Team project for Georgia Tech Masters in Analytics, Spring 2022 - CSE 6242: Data & Visual Analytics
Citi Bike is a bike sharing service in New York City with over 24,500 bikes and 1,500 bike stations. Project goal is to provide holistic insights and visualizations for Citi Bike trends and factors impacting ridership behavior to empower city and transit planning
This github repository contains the code for data pipeline, visualization, and website generation
Team Members:
- Kevin Schneider
- Roshni Mahtani
- Stephanie Chueh
- Brent Brewington
Data is ingested into BigQuery via automation within GitHub Actions connected to this repo. Details in file: citibike_trip_history.yml, and Actions executions can be viewed in "Actions" tab in this repo
The approach with BigQuery data in this project is "ELT", or "Extract, Load, Transform":
- Extract & Load
- Weather Data: manually sourced from Weather Underground; loaded into BigQuery
- Neighborhood Attributes (a.k.a. "GEO"): manually sourced from raw Citibike Trip Data, cleaned, and aggregated to neighborhood; loaded into BigQuery
- Citibike Trip Data: raw data extracted from AWS bucket tripdata via /src/copy_aws_to_gcs.py (executed in github action with command line arguments: citibike_trip_history.yml) - lands in staging dataset in BigQuery
- Transform
- Once raw data staged in BigQuery, the tool "dbt" in folder /citibike_dbt orchestrates a sequence of queries going from raw data to intermediate tables, and outputting final clean tables at defined granularities. There are also some data cleaning rules and assumptions built in via tests in this step.
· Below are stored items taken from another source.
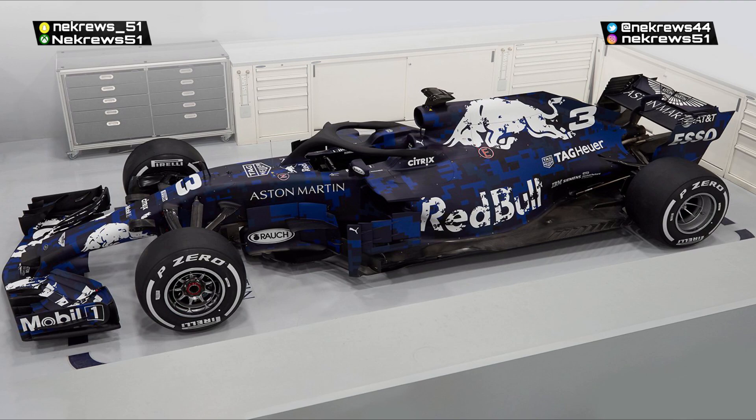This has been the Red Bull launch 2018, the RB14. Leave a comment below guys — what you think on the car, do you like it, do you hate it? Make sure to stay tuned for two videos tomorrow which will be on the Toro Rosso and on the Sauber. Thank you guys so much for watching this video and I'll see you next time.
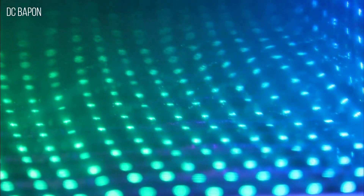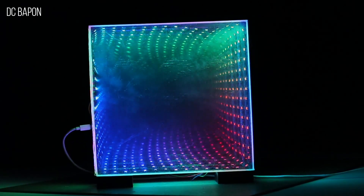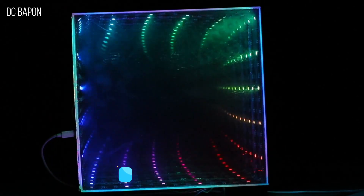Hello guys, today in this video I want to try to make a cool gadget. This gadget is an infinity mirror and the lighting effect of this gadget is outstanding. I hope you will definitely enjoy this video, and this video is sponsored by JLCPCB — I will talk about that later.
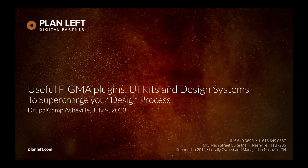My name is Lisa Ridley, I'm with Plan Left, and I'm going to talk to you about Figma today. The original title of this session was 'Useful Plugins, UI Kits, and Design Systems to Supercharge Your Design Process,' but Figma decided to throw a kink in the works by introducing a whole bunch of new feature sets at Config 2023 last month. Many of the plugins and design systems I was going to talk about now need to be reworked to incorporate the new features, and some have been rendered irrelevant.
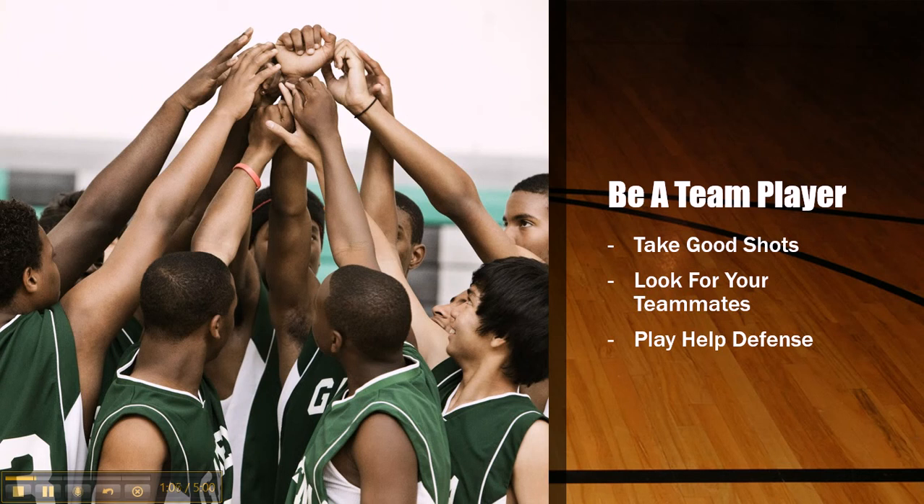Play help defense. There are going to be times when a teammate gets broken down and somebody gets to the basket. You need to be aware of that and help out your teammate — that's called help defense. If the offensive player gets past your teammate who's playing defense, you need to show up and help at the basket to protect the rim. You may have to leave the player you're defending, but would you rather give up an easy layup or a three? The chances of them hitting a three are a lot less than them making an easy layup, so you've got to play help defense.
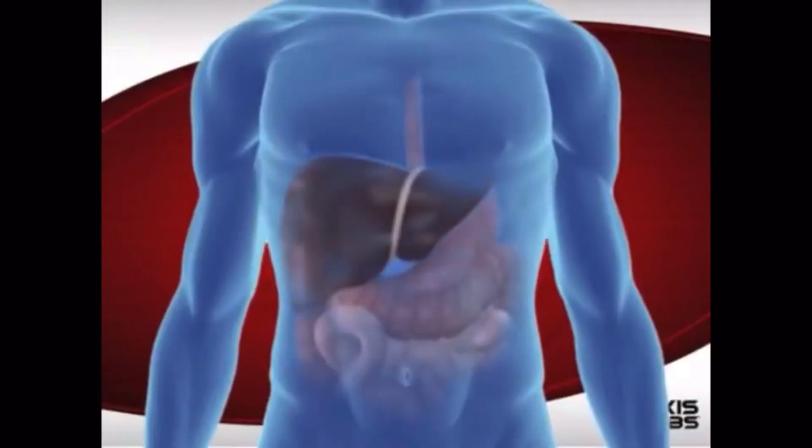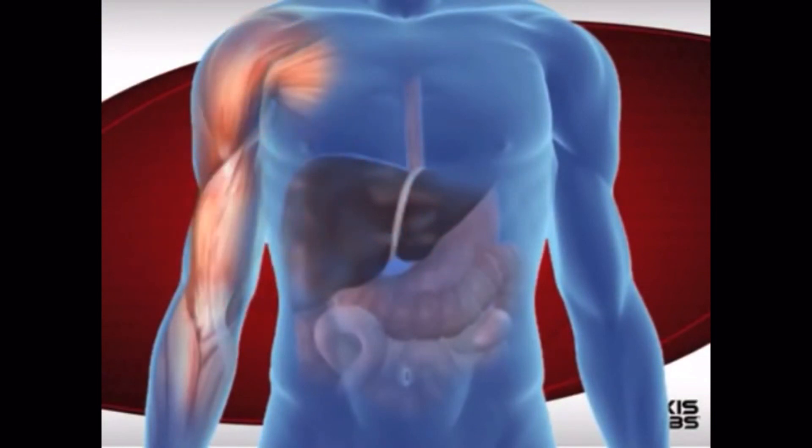So what is creatine? It's important to point out first that it's not a steroid. It's something that's produced naturally in your body at a rate of about one gram a day. You can also get creatine from foods such as fish, red meat and chicken. Most people don't get enough creatine in their diet alone, so that's why they supplement it.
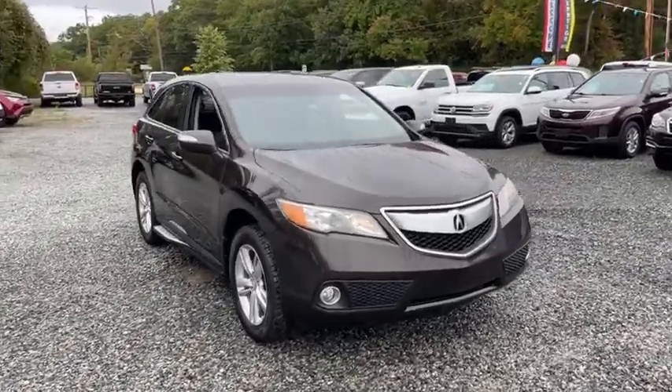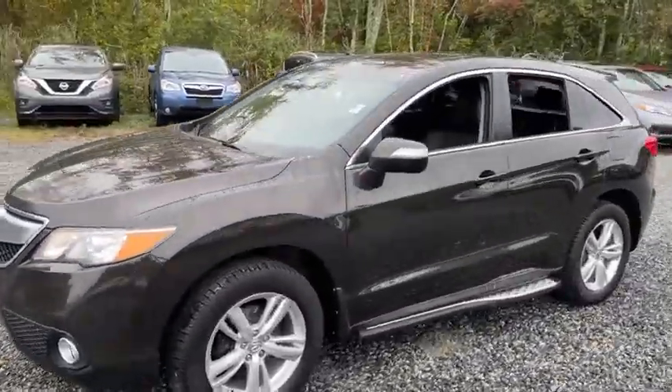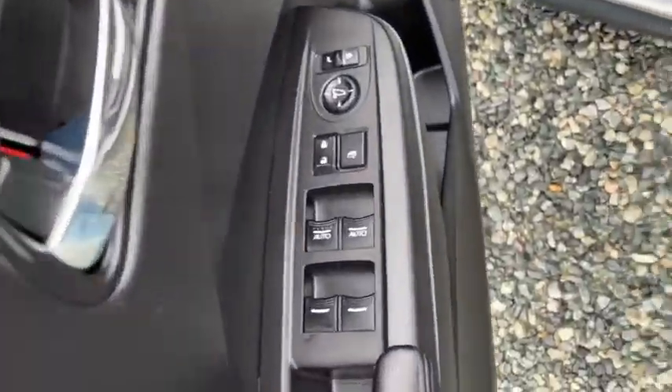Stop by and take a look at the 2014 Acura RDX. Viewed as Acura's answer to BMW's sporty X3, the RDX offers stylish interior, plenty of sport, and a nice amount of utility. This vehicle has less than 80,000 miles.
- dbt project documentation is published here: https://bbrewington.github.io/gatech-cse6242-citibike/dbt_docs.html
-
Weather Analysis Notebooks
- src/WeatherAnalysis_LinearRegression_R_Final.ipynb: Analysis document walking through steps to predict weather impact on ridership via Linear Regression
- src/WeatherAnalysis_RandomForest_Python_Final.ipynb: Analysis document walking through steps to predict weather impact on ridership via Random Forest
-
Analysis files used in website
- src/visualizations/choropleth_by_year.py: creates map of ridership by zip by year (year drop-down selection)
- src/visualizations/choropleth_timeofday.py: creates map of ridership by zip by time of day (time of day drop-down selection)
- src/visualizations/stations_and_total_rides_scatterplot.py: creates animated scatterplot showing rides by neighborhood by year
- src/visualizations/weather_factors_impact.py: creates bar plots exploring how weather factors impact ridership (weather factor selection via drop-down)
-
Other Python files
- src/copy_aws_to_gcs.py: This is the script that orchestrates getting the data from AWS and staging in GCS
- src/dbt_utility.py: Python code to be run manually as described below in appendix
- src/gcs_to_gbq.py: Python code to load staged GCS data into BigQuery staging dataset (which is referenced by dbt)
Add these credentials to {repo_url}/settings/secrets/actions:
- AWS API Credentials
AWS_ACCESS_KEY
AWS_SECRET_ACCESS_KEY
- Google Cloud service account JSON key
GCP_CREDENTIALS
-
cd into
/citibike_dbt
-
update & test dbt model, and update docs:
dbt run dbt test dbt docs generate
This will output file:
/citibike_dbt/target/index.html
which is intended to be viewed interactively after runningdbt docs serve
, but this doesn't work well with github pages, so we use the next step to generate a compatible static page -
cd into root dir; run
python3 src/dbt_utility.py